ただ、最近では業務を効率化してくれるソフトウェアやクラウドサービスが多数ある他、事務作業の一部をアウトソーシングして外部業者にお願いすることもできます。配送業務に専念したい場合や事業拡大により忙しくなった際は、こうしたサービスを導入することも選択肢の一つです。

ケガや病気の補償がない

ケガをした、または病気になった場合、個人事業主は基本的に補償がありません。働けなくなった場合の治療費や生活費、そして子どもの教育費やローンの支払いなど、家族や家計に負担がかかるのは心配なポイントです。

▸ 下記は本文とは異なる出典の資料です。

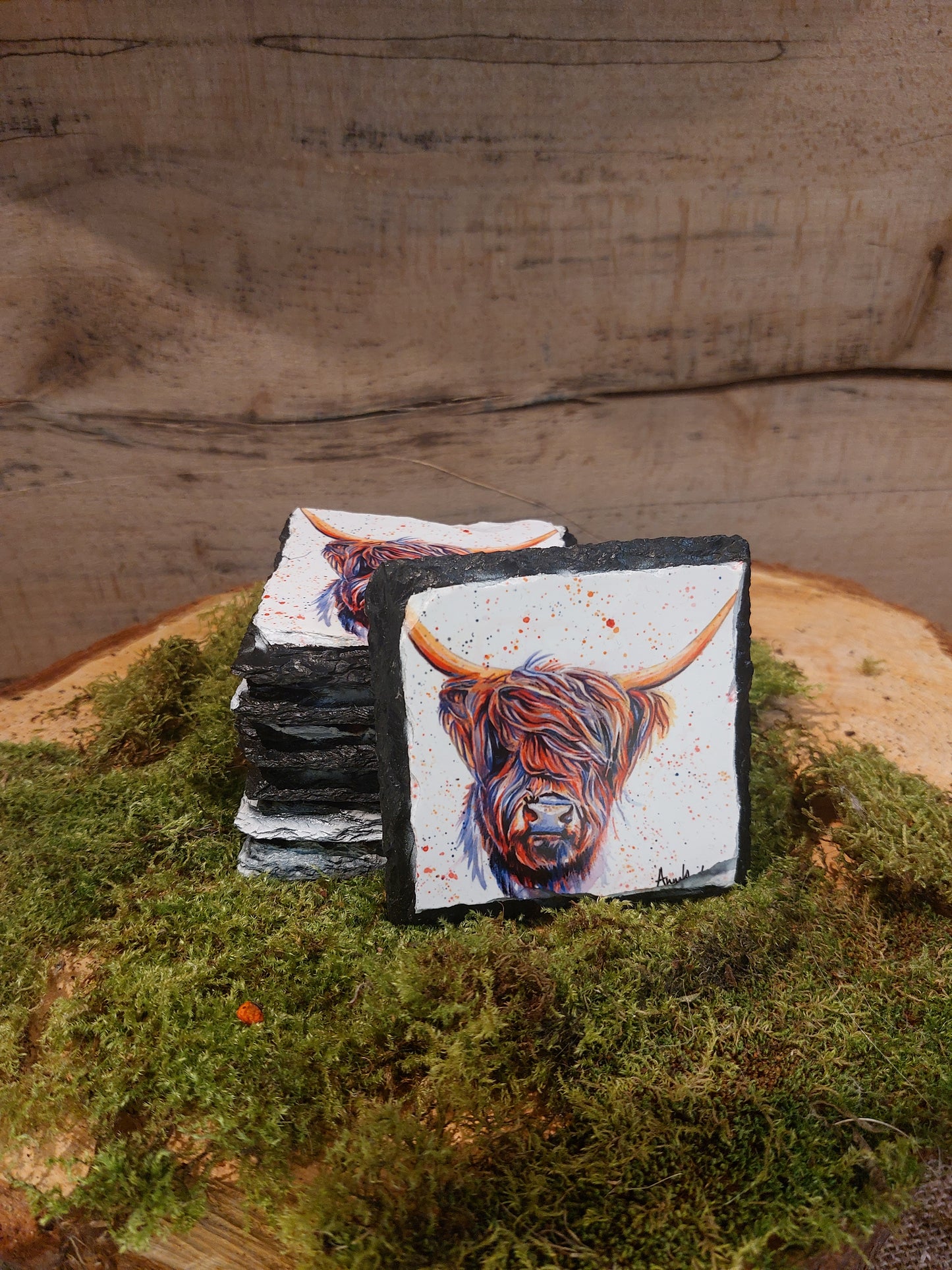 Multi-Coloured Cow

軽貨物運送業では、個人事業主でも会社員やアルバイトが加入できる「労災保険」に入ることができます。加入には厚生労働省に認可された労災団体経由で労働基準監督署へ申し込みが必要です。
また、全国の商工会議所会員向けの休業補償プランもあり、収入の減少に備えることも可能です。他にも、フランチャイズで開業する場合、保障体制を整備している本部もあるため、そうした本部を検討するのも選択肢の一つとなります。

費用は自己負担になる

個人事業主の場合、車両の維持費、保険、年金などは自身で支払わなければならないので、会社員と比べて自己負担が多くなります。特に車両のガソリン代や高速代、保険料などは、毎月まとまった金額の支出となるでしょう。また、車検代やメンテナンス費用なども定期的に発生するので、収支計画に盛り込んでおく必要があります。

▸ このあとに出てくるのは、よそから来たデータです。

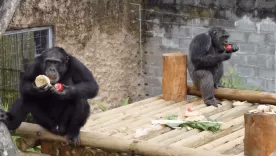 Videos desmienten agresividad de Pancho, el chimpancé abatido tras fuga del Bioparque Ukumarí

費用を削減する方法としては、以下のような選択肢があります。

・配達ルートの最適化を図り、運転する時間を減らしてガソリン代を削減する
・配達先を効率的にまとめることで、無駄な運行回数を減らす
・エンジンオイルの定期交換やエアフィルターの清掃、タイヤの空気圧などをチェックして、燃費を向上させる
・車両保険について複数の保険会社のプランを比較し、適切な保険料を把握する
・スケジュール調整、配達先の管理などにオンラインツールやアプリを活用し、業務の効率化を図る

まとめ

宅配ドライバーは個人で開業しやすい職業と言えるでしょう。中でも貨物軽自動車運送事業(黒ナンバー)は初期費用が比較的少なく条件や手続きもシンプルなので、開業までの時間を短くすることができます。ただ、開業当初は思ったように仕事を受注することが難しい場合もあるため、経験の浅い方や経営に自信のない方はフランチャイズに加盟し、ノウハウを学びながら独立・開業することをおすすめします。